Crawled caption data
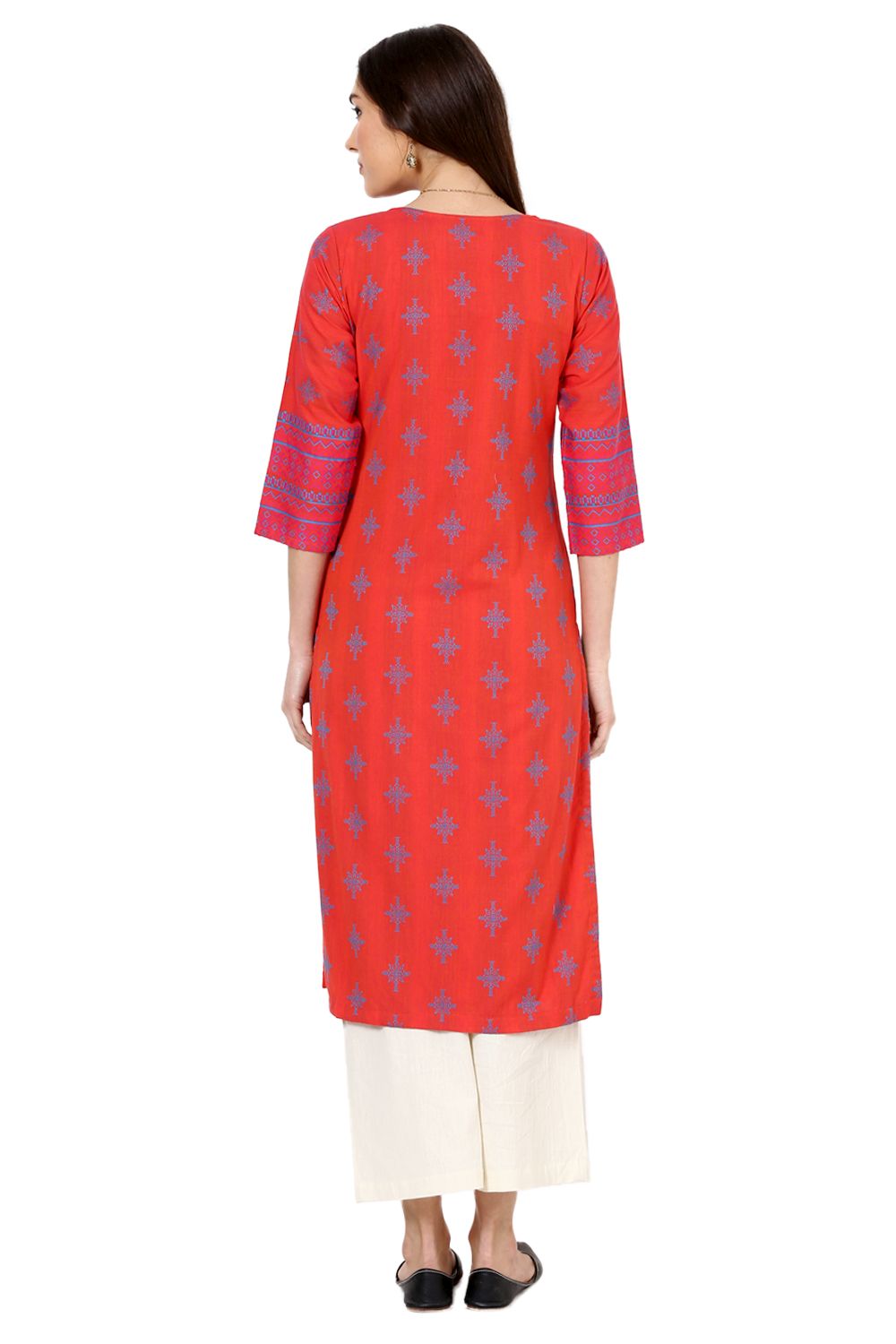 Orange Straight Poly Cotton Kurta image number 3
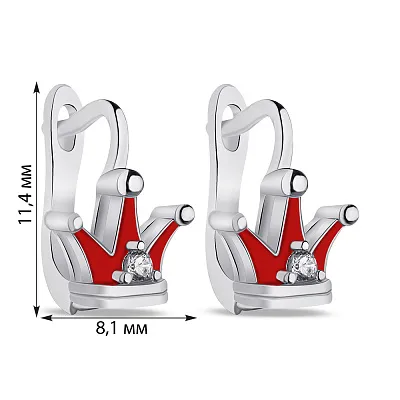 Дитячі срібні сережки Корона (арт. 7502/9026ек)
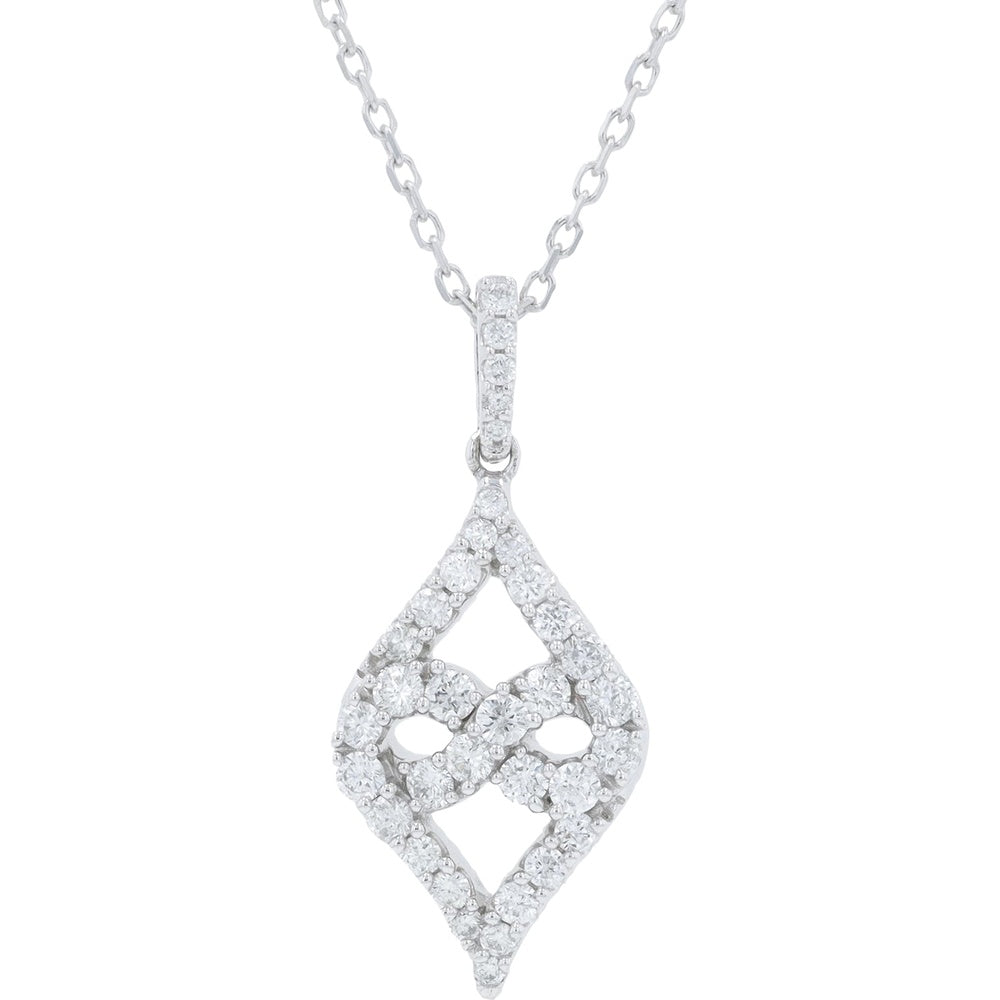 10K White Gold Marquise Openwork Pendant with Prong-Set Round Diamonds - 0.50 Carat Total Diamond Weight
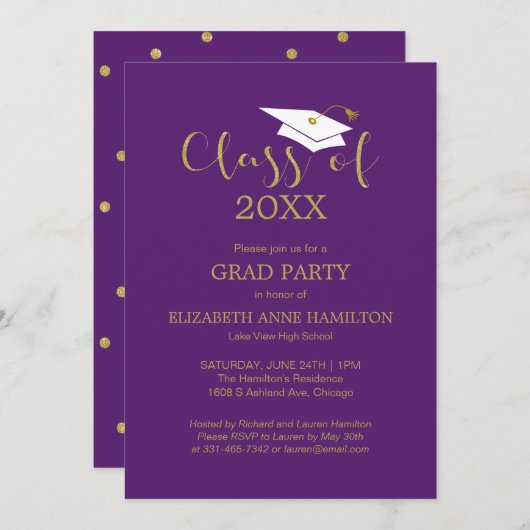 Faire-part Classe de 2024 Enquêtes de fin d'études secondaire (Devant / Derrière)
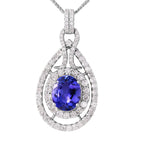 14KT White Gold 4.75ctw Tanzanite Diamond Necklace Length 18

About this task
An exact restatement is expected of the lines from the line containing "10K White Gold" to the end of the data above, pictures excluded.

Reply
 10K White Gold Marquise Openwork Pendant with Prong-Set Round Diamonds - 0.50 Carat Total Diamond Weight
 Faire-part Classe de 2024 Enquêtes de fin d'études secondaire (Devant / Derrière)
 14KT White Gold 4.75ctw Tanzanite Diamond Necklace Length 18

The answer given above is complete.